[Image-text web data]
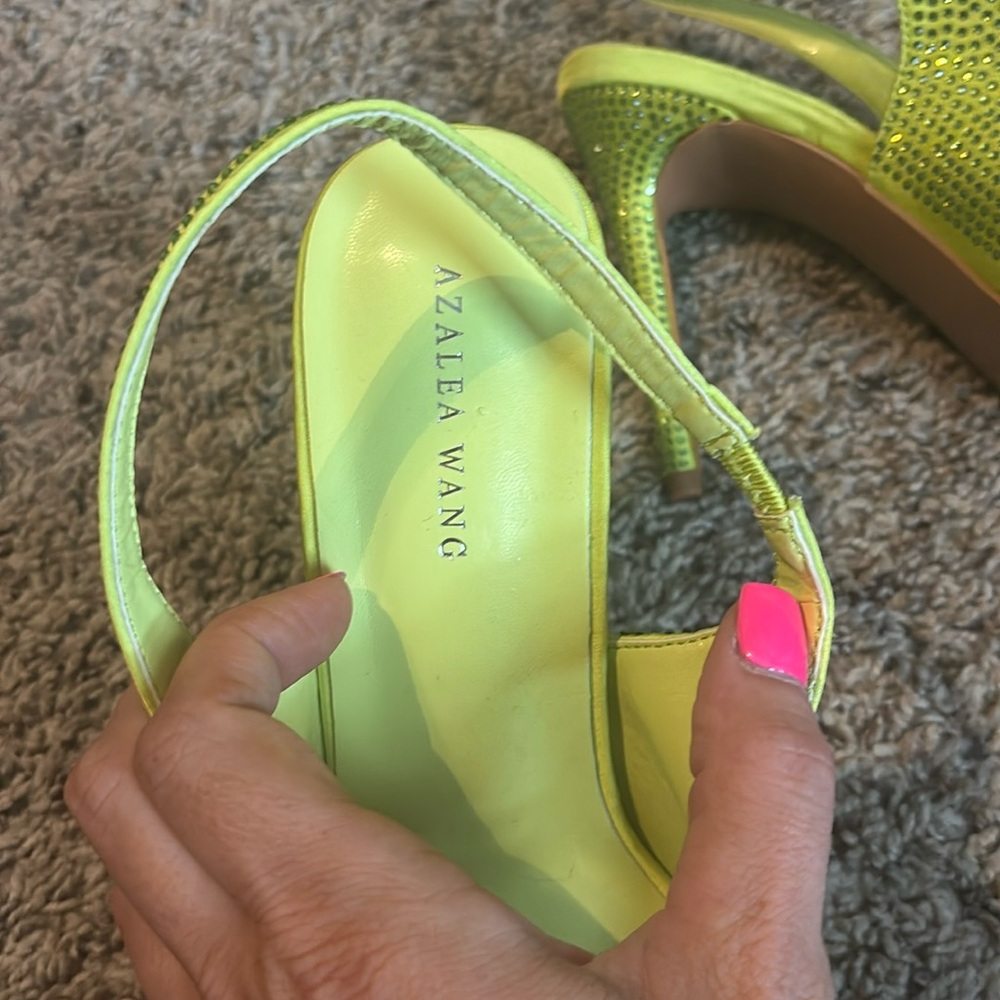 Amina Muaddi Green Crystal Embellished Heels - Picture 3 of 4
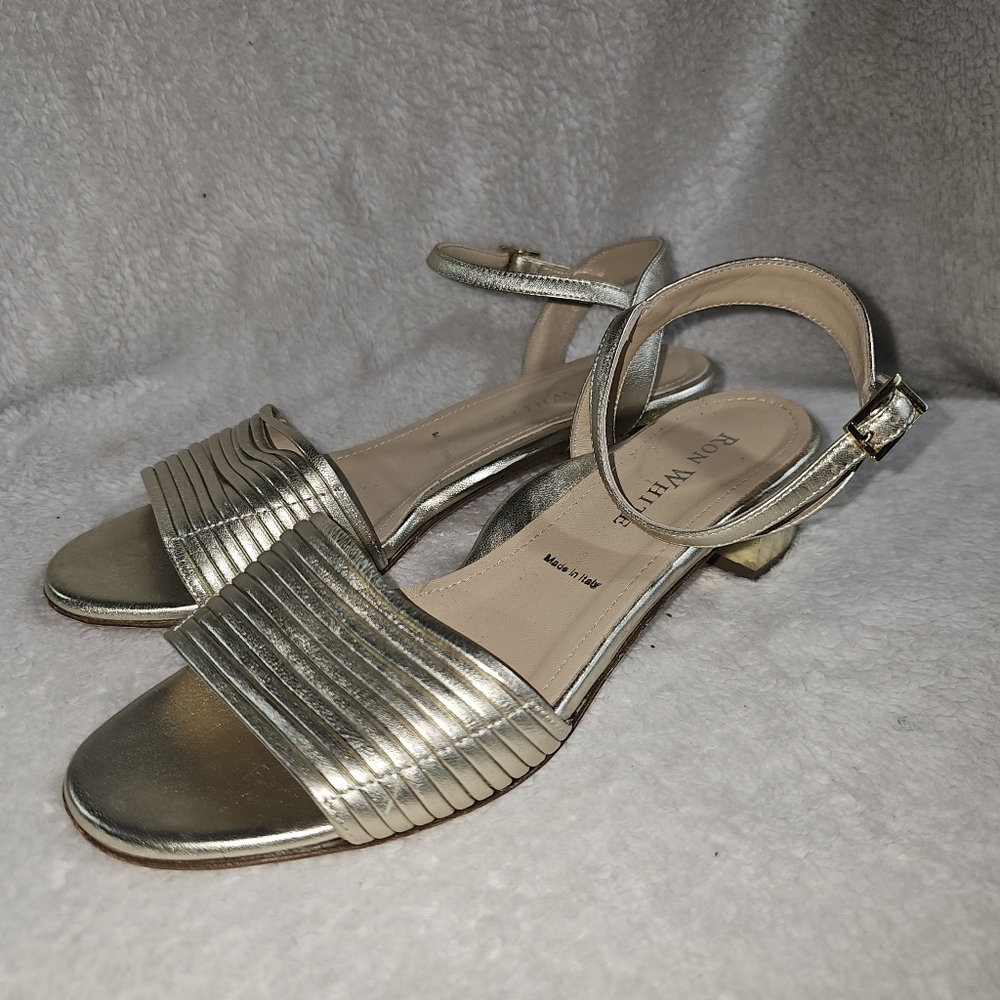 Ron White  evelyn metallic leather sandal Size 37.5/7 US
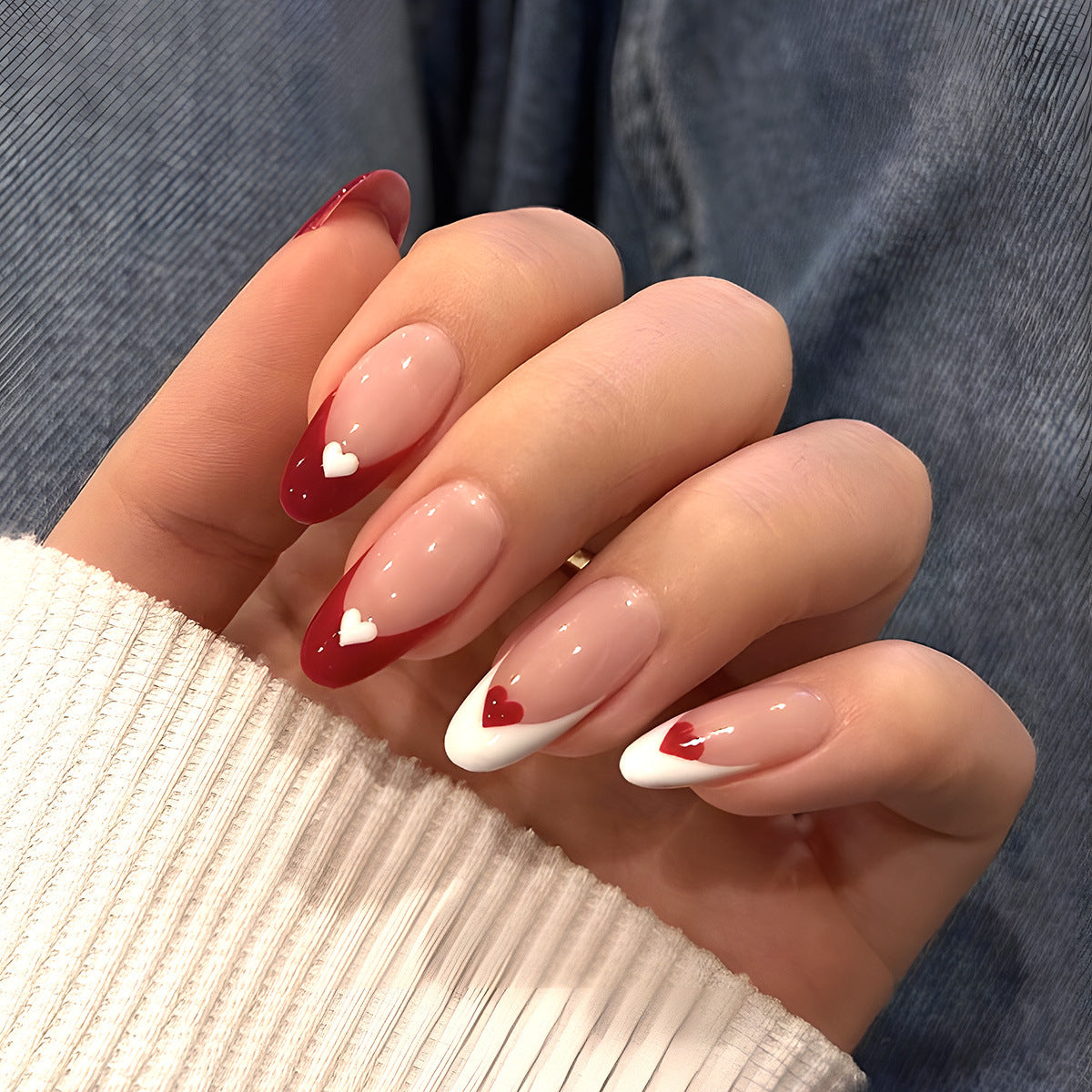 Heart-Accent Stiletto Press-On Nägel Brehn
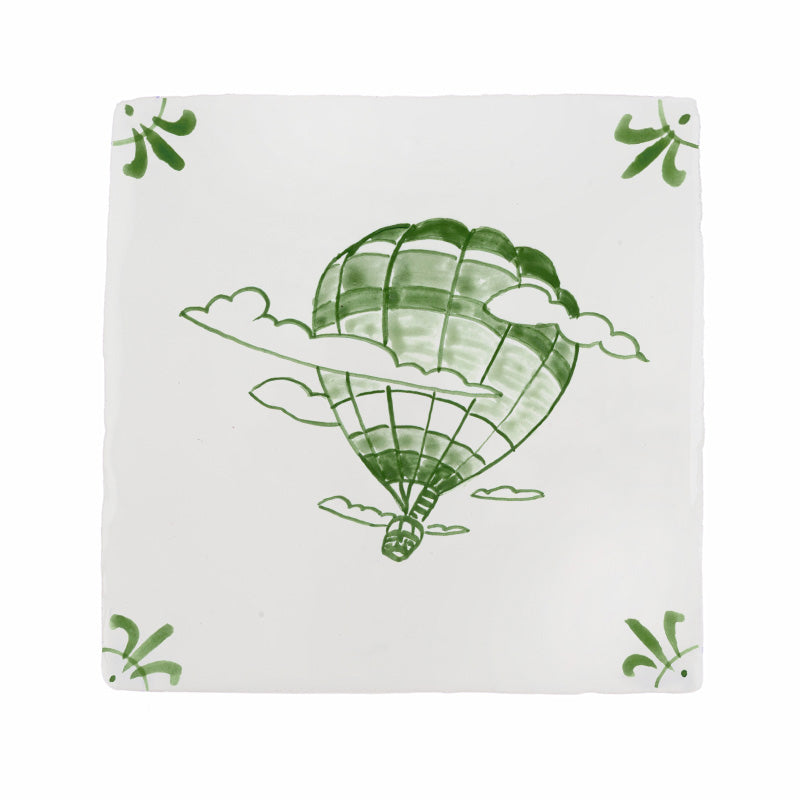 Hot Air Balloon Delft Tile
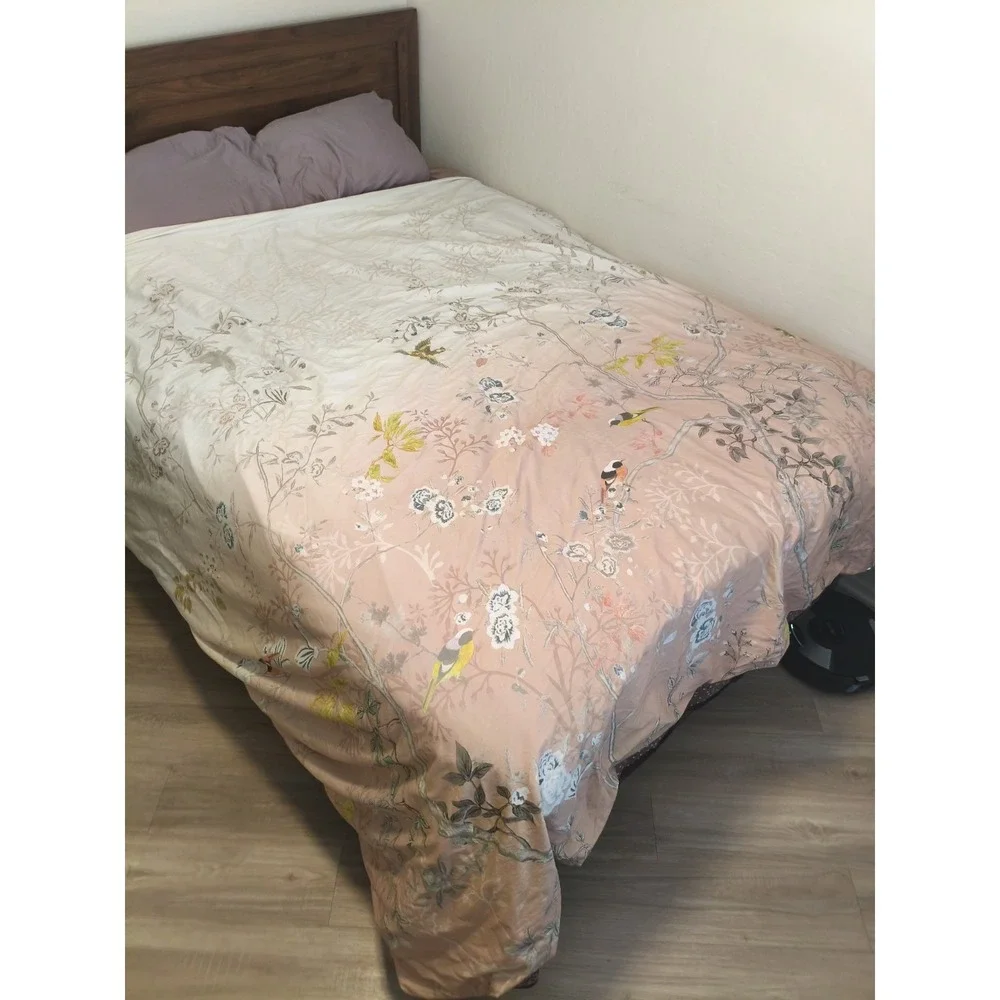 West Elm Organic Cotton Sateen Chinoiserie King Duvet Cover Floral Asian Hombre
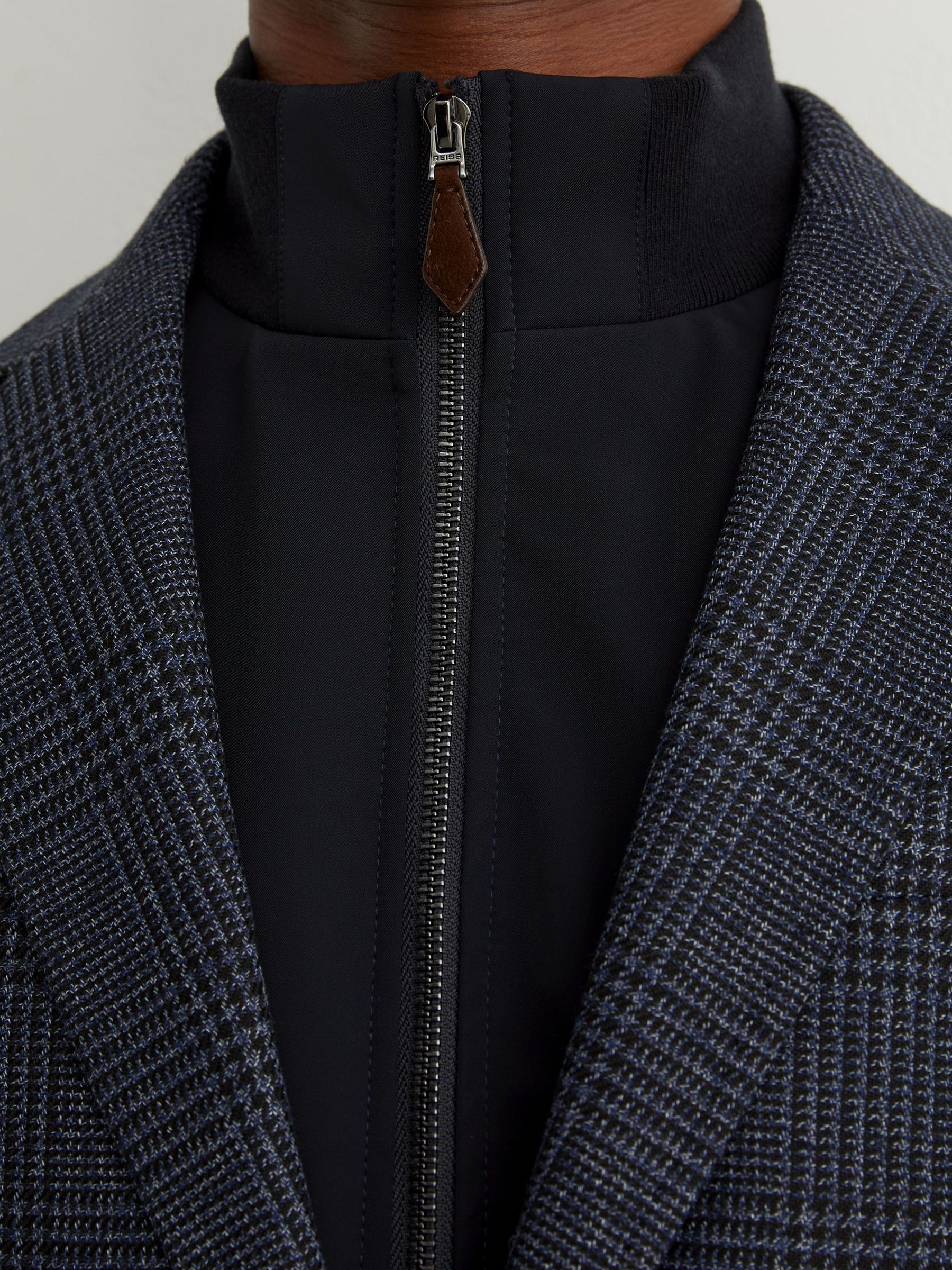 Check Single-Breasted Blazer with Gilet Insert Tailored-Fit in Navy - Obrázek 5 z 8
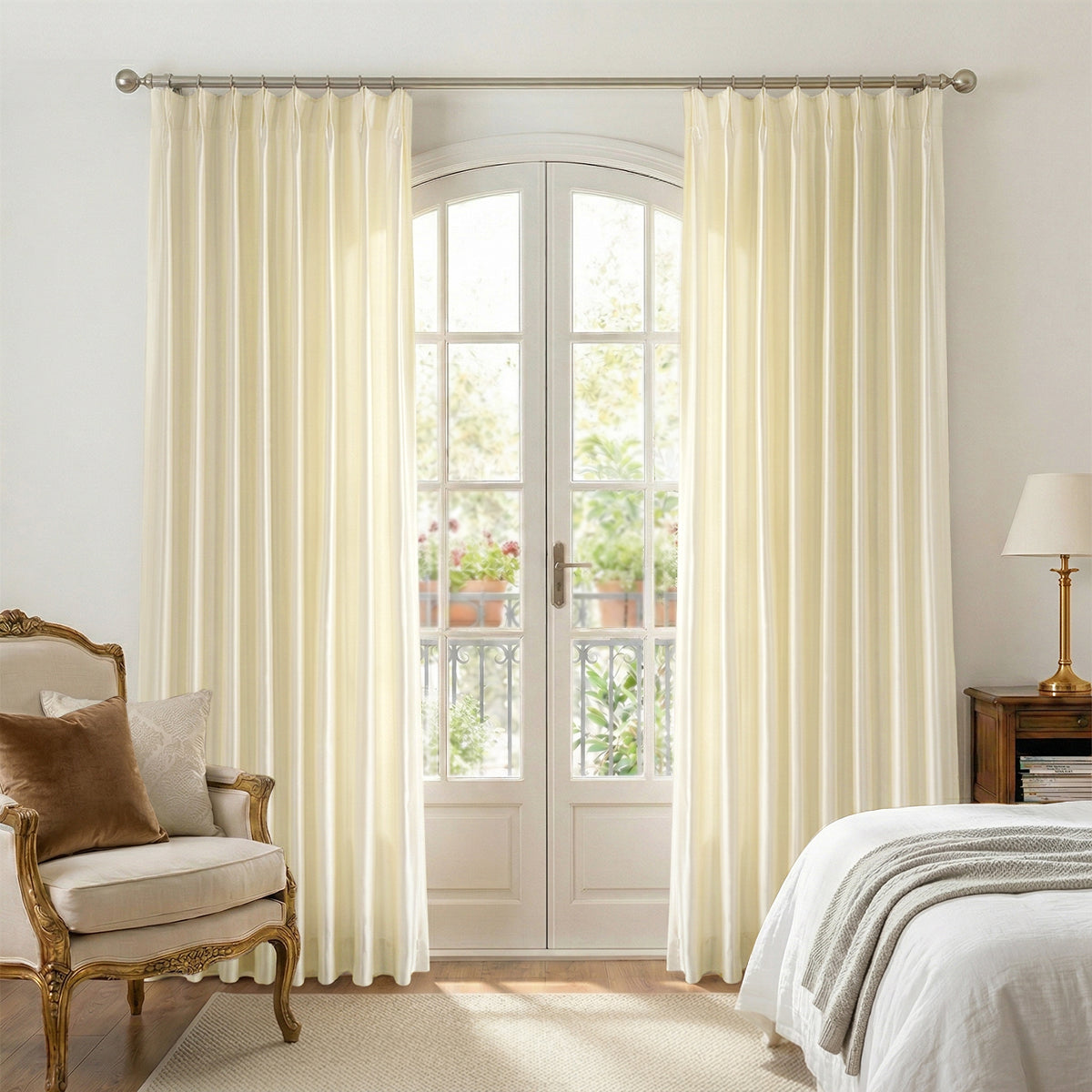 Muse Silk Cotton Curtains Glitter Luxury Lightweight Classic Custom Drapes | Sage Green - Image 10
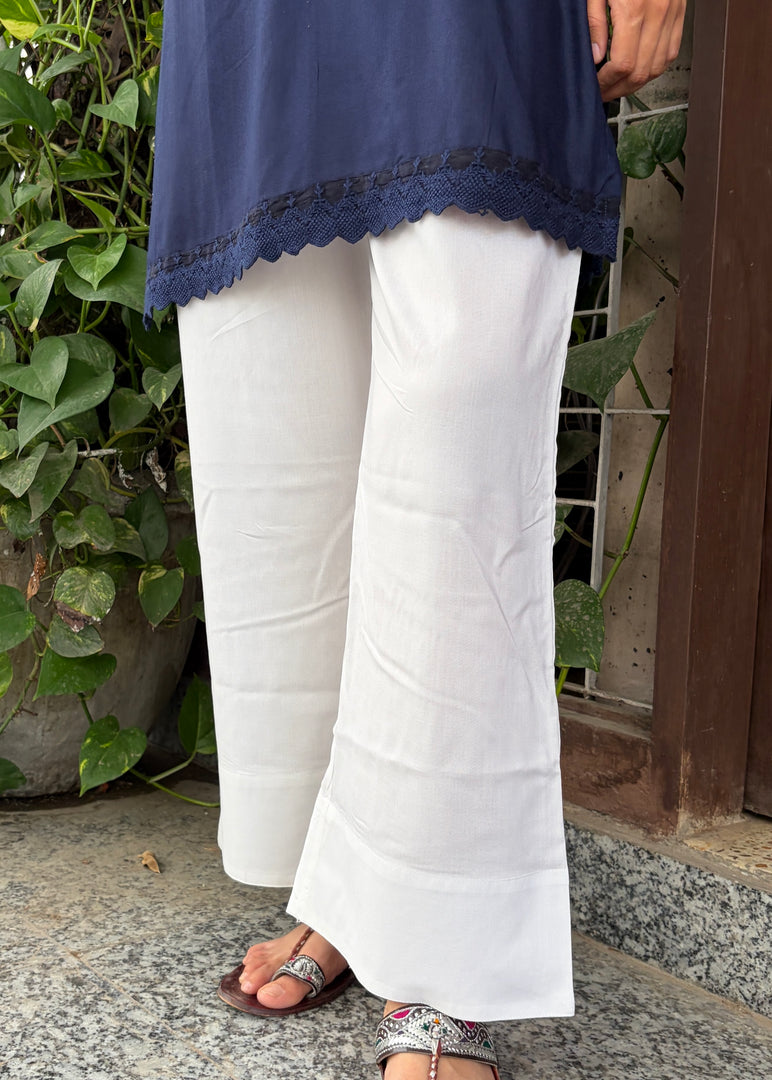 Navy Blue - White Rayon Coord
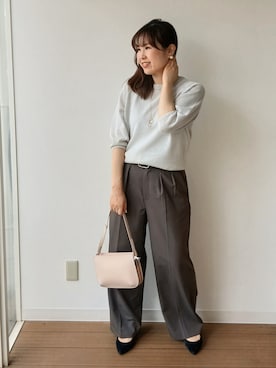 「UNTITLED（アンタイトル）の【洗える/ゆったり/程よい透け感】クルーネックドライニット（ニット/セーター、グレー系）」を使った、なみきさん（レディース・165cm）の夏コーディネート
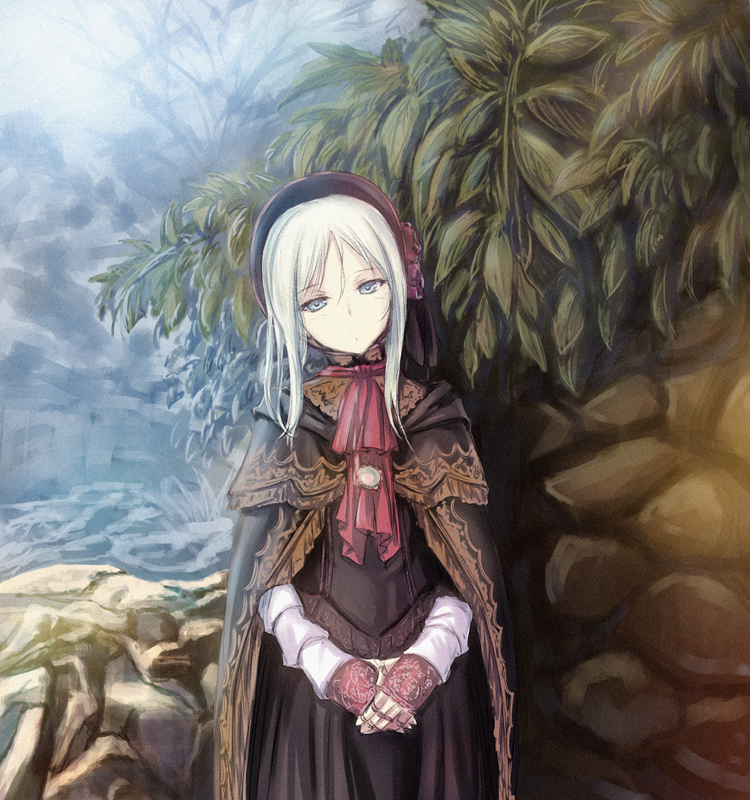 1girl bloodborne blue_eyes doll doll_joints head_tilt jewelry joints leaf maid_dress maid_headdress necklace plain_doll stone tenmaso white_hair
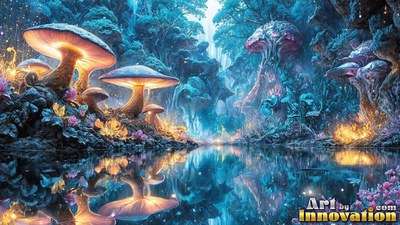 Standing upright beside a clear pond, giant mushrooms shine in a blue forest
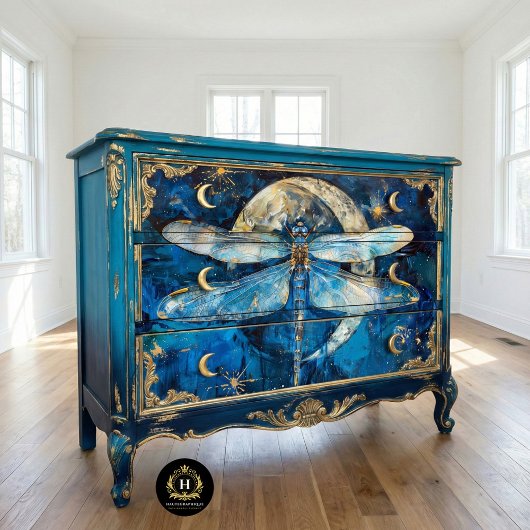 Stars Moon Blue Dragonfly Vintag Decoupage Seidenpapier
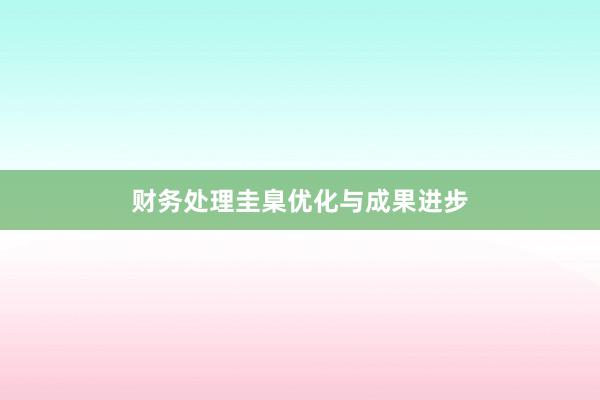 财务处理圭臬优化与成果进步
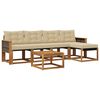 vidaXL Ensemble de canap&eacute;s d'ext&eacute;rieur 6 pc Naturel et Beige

◆ Required action
When the line containing "1girl bloodborne blue_eyes" has been located, retype it and each line after it through the end of the records, excluding the pictures and adding nothing else.

◆ Reply
 1girl bloodborne blue_eyes doll doll_joints head_tilt jewelry joints leaf maid_dress maid_headdress necklace plain_doll stone tenmaso white_hair
 Standing upright beside a clear pond, giant mushrooms shine in a blue forest
 Stars Moon Blue Dragonfly Vintag Decoupage Seidenpapier
 财务处理圭臬优化与成果进步
 vidaXL Ensemble de canap&eacute;s d'ext&eacute;rieur 6 pc Naturel et Beige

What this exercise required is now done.